Reading time: ~20 minutes Audience: Homelab owners who want a private, offline AI assistant without monthly subscriptions Last tested: Proxmox VE 8.2, Ollama 0.5, OpenWebUI 0.4, June 2026
Why Self-Host an LLM?
Cloud AI services come with three problems for homelab users: privacy (your data leaves your network), cost (ChatGPT Plus is $20/month, Claude Pro is $20/month, and API bills add up fast), and availability (outages, rate limits, and terms-of-service changes).
Running Ollama on your Proxmox server solves all three. You get a private, always-on LLM that works even when your internet is down — and the only recurring cost is electricity.
What You’ll Build
By the end of this guide, you will have:
- Ollama serving multiple open-weight models (Llama 3.3, Mistral, Phi-4, Qwen 2.5)
- OpenWebUI providing a ChatGPT-style chat interface accessible from any device on your LAN
- Optional GPU acceleration for 3–10× faster token generation
- A Docker Compose stack you can version-control and redeploy in minutes
Hardware Requirements
Minimum (CPU-Only Inference)
| Component | Requirement | Real-World Example |
|---|---|---|
| CPU | 4 cores, x86_64 | Intel N100, old i5-6500 |
| RAM | 16 GB (8 GB for OS + 8 GB for a 7B model) | Any DDR4 system |
| Storage | 30 GB free (models are 4–15 GB each) | 256 GB SSD minimum |
| GPU | None required | CPU inference works |
Recommended (GPU-Accelerated)
| Component | Requirement | Real-World Example |
|---|---|---|
| CPU | 6+ cores | Intel i5-12400, Ryzen 5 5600 |
| RAM | 32 GB | DDR4 3200 MHz |
| GPU | NVIDIA RTX 3060 12 GB, RTX 4060 Ti 16 GB, or Intel ARC A770 16 GB | Buy used on eBay |
| Storage | 100 GB NVMe | WD Black SN770 |
VRAM rule of thumb: A 7B parameter model at Q4_K_M quantization needs ~4.5 GB VRAM. A 13B model needs ~8 GB. A 34B model needs ~20 GB. Match your GPU VRAM to the model size you want to run.
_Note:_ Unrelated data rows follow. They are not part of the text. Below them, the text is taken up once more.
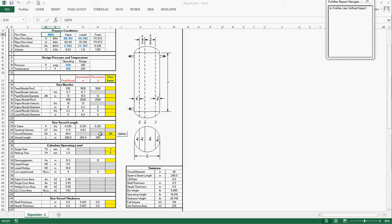Unlike the vertical separator, the horizontal separator diameter is required to be specified. While for vertical separators, the vessel diameter is calculated,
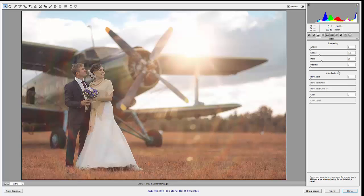If you are shooting in JPEG, we do encourage you to shoot in RAW just because you will have more editing capabilities that way, especially when it comes to adjusting exposure and color. But if you do shoot in JPEG for any reason but you still want to have some of the benefits of Camera Raw, you can do so just like I showed you here.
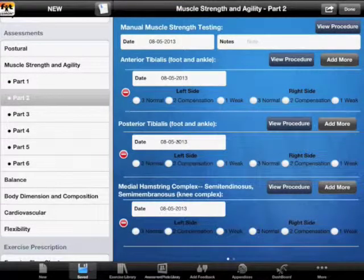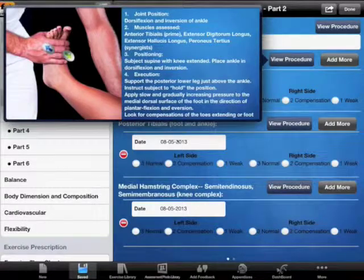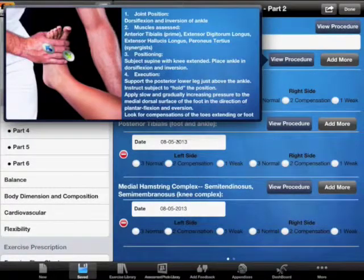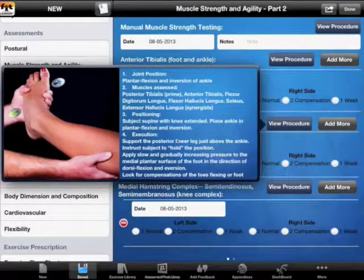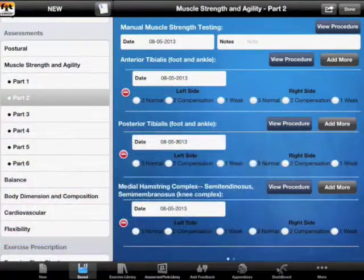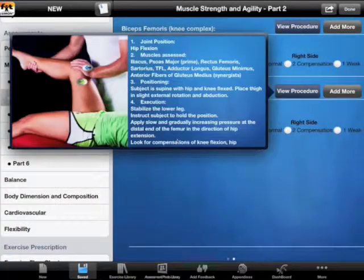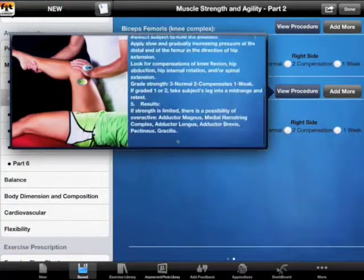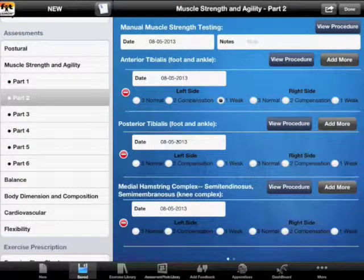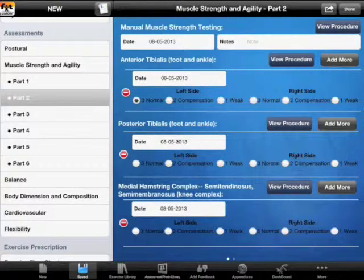Whenever we test a muscle, we can look at the procedure, scroll through the full description, and see a picture of how it's supposed to be performed. Every procedure is described and photographed. After testing the muscle, we can classify it as weak, having compensations, or normal. We can also test left side and right side separately.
Architecture Decision: LXC vs VM
Proxmox gives you two containerization options. Here is the honest trade-off:
| Factor | LXC Container | Full VM |
|---|---|---|
| GPU passthrough | Easier — bind-mount /dev/dri for Intel iGPU or /dev/nvidia* for NVIDIA |
Requires PCIe passthrough (locks GPU to one VM) |
| Performance | Near-native CPU speed | ~2–5% virtualization overhead |
| Docker compatibility | Works if LXC is privileged + nesting=1 | Works natively |
| Isolation | Shares host kernel | Fully isolated |
| Snapshot/backup | Proxmox backup works | Proxmox backup works |
| Best for | Intel iGPU (Quick Sync), CPU-only inference | Dedicated NVIDIA GPU, multi-tenant setups |
Our recommendation: Start with an LXC container if you only need CPU inference or Intel iGPU acceleration. Use a VM if you have a dedicated NVIDIA GPU you want to pass through.
This guide covers both paths.
Path A: LXC Container Setup (CPU or Intel iGPU)
Step A1: Create the LXC Container
- In the Proxmox web UI, click Create CT.
- Template: Choose a Debian 12 or Ubuntu 24.04 template.
- Root Disk: Allocate 40 GB (you will need space for Docker images and LLM models).
- CPU: Assign 4–8 cores.
- Memory: Assign 16–32 GB (at least 12 GB for a 7B model).
- Network: DHCP or static IP on your LAN bridge.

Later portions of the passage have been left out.